## [Assignment]
Every line of the data should be written out exactly, with the pictures left out.

(Records to process Opens)

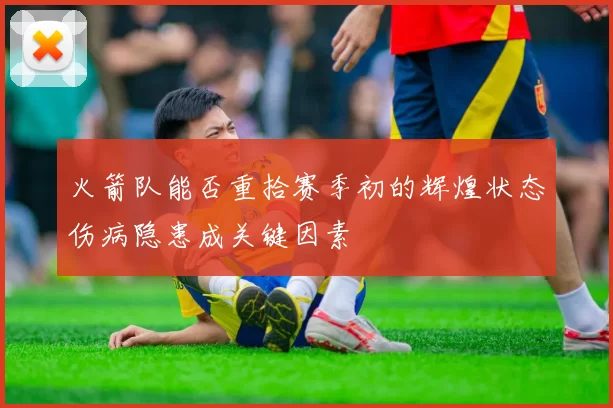火箭队能否重拾赛季初的辉煌状态伤病隐患成关键因素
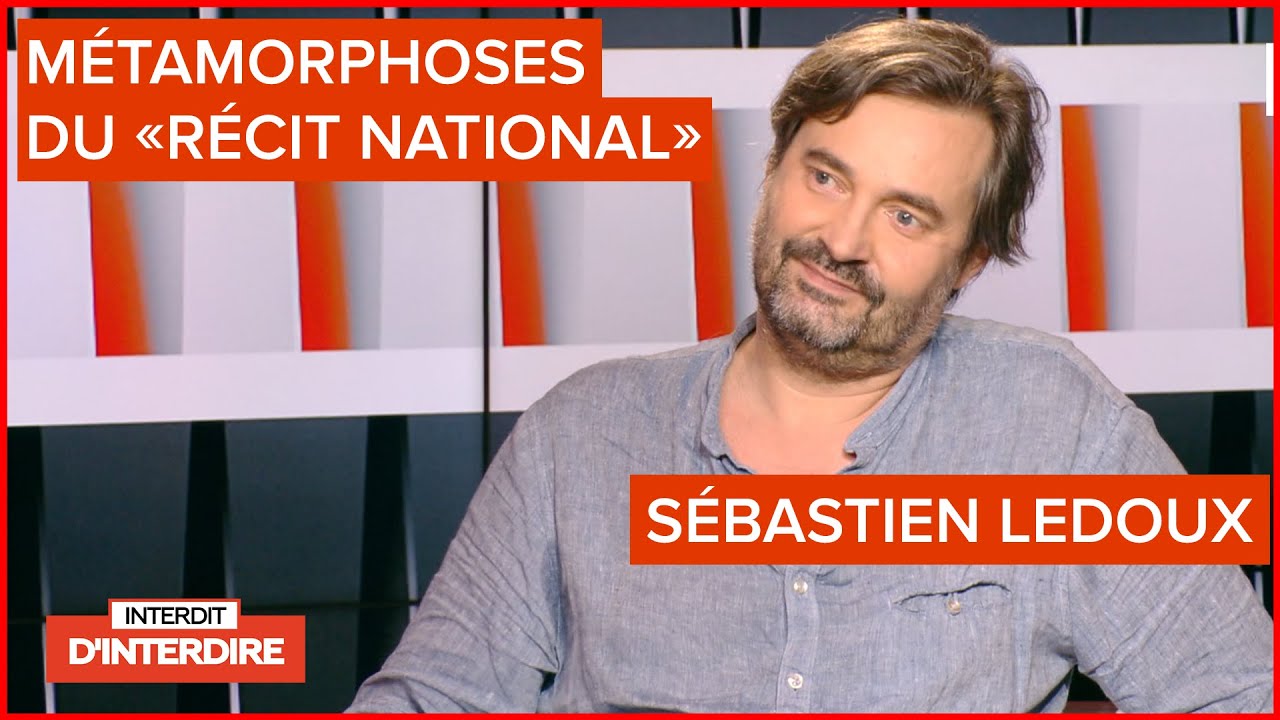 Interdit d’interdire «La nation en récit»  avec Sébastien Ledoux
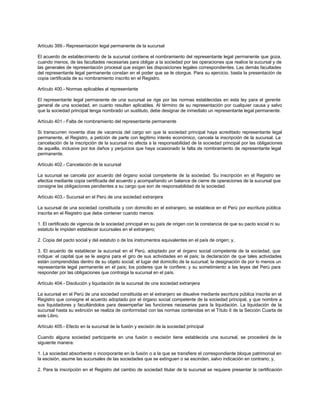Artículo 399.- Representación legal permanente de la sucursal
El acuerdo de establecimiento de la sucursal contiene el nombramiento del representante legal permanente que goza,
cuando menos, de las facultades necesarias para obligar a la sociedad por las operaciones que realice la sucursal y de
las generales de representación procesal que exigen las disposiciones legales correspondientes. Las demás facultades
del representante legal permanente constan en el poder que se le otorgue. Para su ejercicio, basta la presentación de
copia certificada de su nombramiento inscrito en el Registro.
Artículo 400.- Normas aplicables al representante
El representante legal permanente de una sucursal se rige por las normas establecidas en esta ley para el gerente
general de una sociedad, en cuanto resulten aplicables. Al término de su representación por cualquier causa y salvo
que la sociedad principal tenga nombrado un sustituto, debe designar de inmediato un representante legal permanente.
Artículo 401.- Falta de nombramiento del representante permanente
Si transcurren noventa días de vacancia del cargo sin que la sociedad principal haya acreditado representante legal
permanente, el Registro, a petición de parte con legítimo interés económico, cancela la inscripción de la sucursal. La
cancelación de la inscripción de la sucursal no afecta a la responsabilidad de la sociedad principal por las obligaciones
de aquella, inclusive por los daños y perjuicios que haya ocasionado la falta de nombramiento de representante legal
permanente.
Artículo 402.- Cancelación de la sucursal
La sucursal se cancela por acuerdo del órgano social competente de la sociedad. Su inscripción en el Registro se
efectúa mediante copia certificada del acuerdo y acompañando un balance de cierre de operaciones de la sucursal que
consigne las obligaciones pendientes a su cargo que son de responsabilidad de la sociedad.
Artículo 403.- Sucursal en el Perú de una sociedad extranjera
La sucursal de una sociedad constituida y con domicilio en el extranjero, se establece en el Perú por escritura pública
inscrita en el Registro que debe contener cuando menos:
1. El certificado de vigencia de la sociedad principal en su país de origen con la constancia de que su pacto social ni su
estatuto le impiden establecer sucursales en el extranjero;
2. Copia del pacto social y del estatuto o de los instrumentos equivalentes en el país de origen; y,
3. El acuerdo de establecer la sucursal en el Perú, adoptado por el órgano social competente de la sociedad, que
indique: el capital que se le asigna para el giro de sus actividades en el país; la declaración de que tales actividades
están comprendidas dentro de su objeto social; el lugar del domicilio de la sucursal; la designación de por lo menos un
representante legal permanente en el país; los poderes que le confiere; y su sometimiento a las leyes del Perú para
responder por las obligaciones que contraiga la sucursal en el país.
Artículo 404.- Disolución y liquidación de la sucursal de una sociedad extranjera
La sucursal en el Perú de una sociedad constituida en el extranjero se disuelve mediante escritura pública inscrita en el
Registro que consigne el acuerdo adoptado por el órgano social competente de la sociedad principal, y que nombre a
sus liquidadores y facultándolos para desempeñar las funciones necesarias para la liquidación. La liquidación de la
sucursal hasta su extinción se realiza de conformidad con las normas contenidas en el Título II de la Sección Cuarta de
este Libro.
Artículo 405.- Efecto en la sucursal de la fusión y escisión de la sociedad principal
Cuando alguna sociedad participante en una fusión o escisión tiene establecida una sucursal, se procederá de la
siguiente manera:
1. La sociedad absorbente o incorporante en la fusión o a la que se transfiere el correspondiente bloque patrimonial en
la escisión, asume las sucursales de las sociedades que se extinguen o se escinden, salvo indicación en contrario; y,
2. Para la inscripción en el Registro del cambio de sociedad titular de la sucursal se requiere presentar la certificación
 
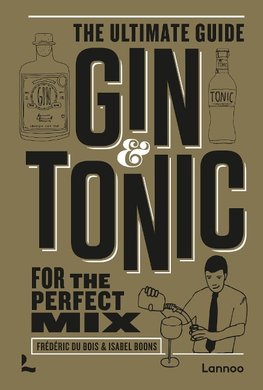 Gin & Tonic - The Gold Edition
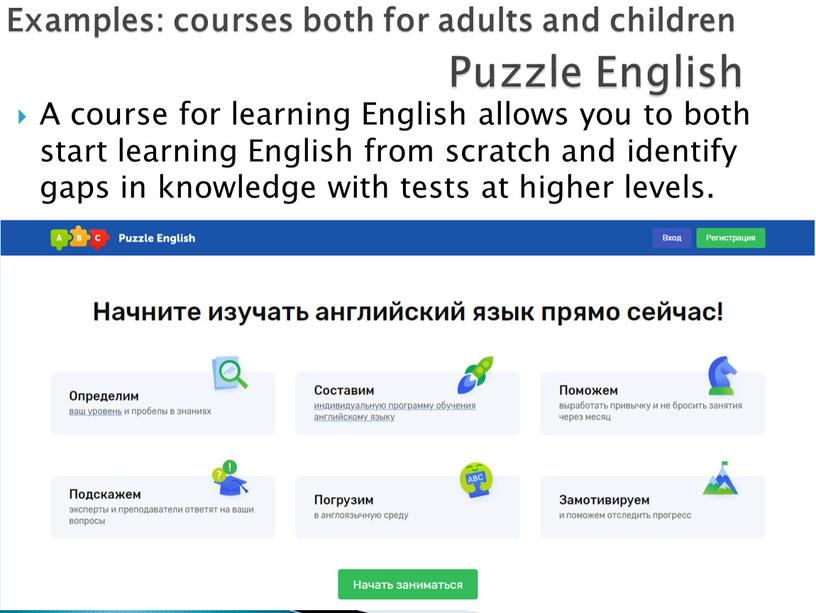 A course for learning English allows you to both start learning
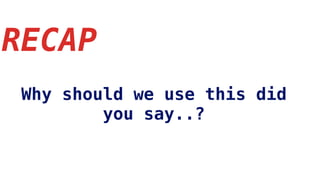 RECAP
Why should we use this did
you say..?
 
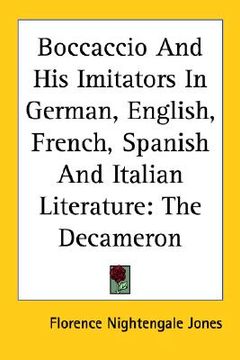 portada boccaccio and his imitators in german, english, french, spanish and italian literature: the decameron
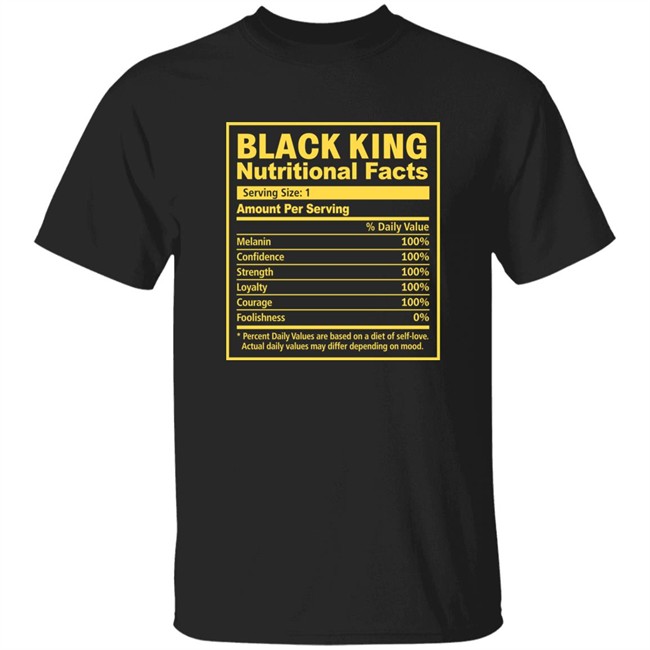 Black King Nutritional Facts Black History Month Shirt Nick Adams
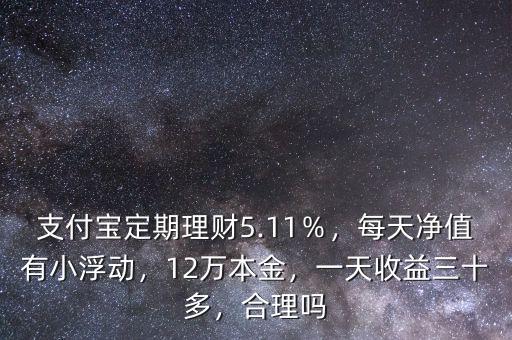 支付寶定期理財5.11％，每天凈值有小浮動，12萬本金，一天收益三十多，合理嗎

(Records to process Closes)

## [Solution for this exercise]
火箭队能否重拾赛季初的辉煌状态伤病隐患成关键因素
 Interdit d’interdire «La nation en récit»  avec Sébastien Ledoux
Artículo 399.- Representación legal permanente de la sucursal
El acuerdo de establecimiento de la sucursal contiene el nombramiento del representante legal permanente que goza,
cuando menos, de las facultades necesarias para obligar a la sociedad por las operaciones que realice la sucursal y de
las generales de representación procesal que exigen las disposiciones legales correspondientes. Las demás facultades
del representante legal permanente constan en el poder que se le otorgue. Para su ejercicio, basta la presentación de
copia certificada de su nombramiento inscrito en el Registro.
Artículo 400.- Normas aplicables al representante
El representante legal permanente de una sucursal se rige por las normas establecidas en esta ley para el gerente
general de una sociedad, en cuanto resulten aplicables. Al término de su representación por cualquier causa y salvo
que la sociedad principal tenga nombrado un sustituto, debe designar de inmediato un representante legal permanente.
Artículo 401.- Falta de nombramiento del representante permanente
Si transcurren noventa días de vacancia del cargo sin que la sociedad principal haya acreditado representante legal
permanente, el Registro, a petición de parte con legítimo interés económico, cancela la inscripción de la sucursal. La
cancelación de la inscripción de la sucursal no afecta a la responsabilidad de la sociedad principal por las obligaciones
de aquella, inclusive por los daños y perjuicios que haya ocasionado la falta de nombramiento de representante legal
permanente.
Artículo 402.- Cancelación de la sucursal
La sucursal se cancela por acuerdo del órgano social competente de la sociedad. Su inscripción en el Registro se
efectúa mediante copia certificada del acuerdo y acompañando un balance de cierre de operaciones de la sucursal que
consigne las obligaciones pendientes a su cargo que son de responsabilidad de la sociedad.
Artículo 403.- Sucursal en el Perú de una sociedad extranjera
La sucursal de una sociedad constituida y con domicilio en el extranjero, se establece en el Perú por escritura pública
inscrita en el Registro que debe contener cuando menos:
1. El certificado de vigencia de la sociedad principal en su país de origen con la constancia de que su pacto social ni su
estatuto le impiden establecer sucursales en el extranjero;
2. Copia del pacto social y del estatuto o de los instrumentos equivalentes en el país de origen; y,
3. El acuerdo de establecer la sucursal en el Perú, adoptado por el órgano social competente de la sociedad, que
indique: el capital que se le asigna para el giro de sus actividades en el país; la declaración de que tales actividades
están comprendidas dentro de su objeto social; el lugar del domicilio de la sucursal; la designación de por lo menos un
representante legal permanente en el país; los poderes que le confiere; y su sometimiento a las leyes del Perú para
responder por las obligaciones que contraiga la sucursal en el país.
Artículo 404.- Disolución y liquidación de la sucursal de una sociedad extranjera
La sucursal en el Perú de una sociedad constituida en el extranjero se disuelve mediante escritura pública inscrita en el
Registro que consigne el acuerdo adoptado por el órgano social competente de la sociedad principal, y que nombre a
sus liquidadores y facultándolos para desempeñar las funciones necesarias para la liquidación. La liquidación de la
sucursal hasta su extinción se realiza de conformidad con las normas contenidas en el Título II de la Sección Cuarta de
este Libro.
Artículo 405.- Efecto en la sucursal de la fusión y escisión de la sociedad principal
Cuando alguna sociedad participante en una fusión o escisión tiene establecida una sucursal, se procederá de la
siguiente manera:
1. La sociedad absorbente o incorporante en la fusión o a la que se transfiere el correspondiente bloque patrimonial en
la escisión, asume las sucursales de las sociedades que se extinguen o se escinden, salvo indicación en contrario; y,
2. Para la inscripción en el Registro del cambio de sociedad titular de la sucursal se requiere presentar la certificación
 
 Gin & Tonic - The Gold Edition
 A course for learning English allows you to both start learning
 RECAP
Why should we use this did
you say..?
 
 portada boccaccio and his imitators in german, english, french, spanish and italian literature: the decameron
 Black King Nutritional Facts Black History Month Shirt Nick Adams
 支付寶定期理財5.11％，每天凈值有小浮動，12萬本金，一天收益三十多，合理嗎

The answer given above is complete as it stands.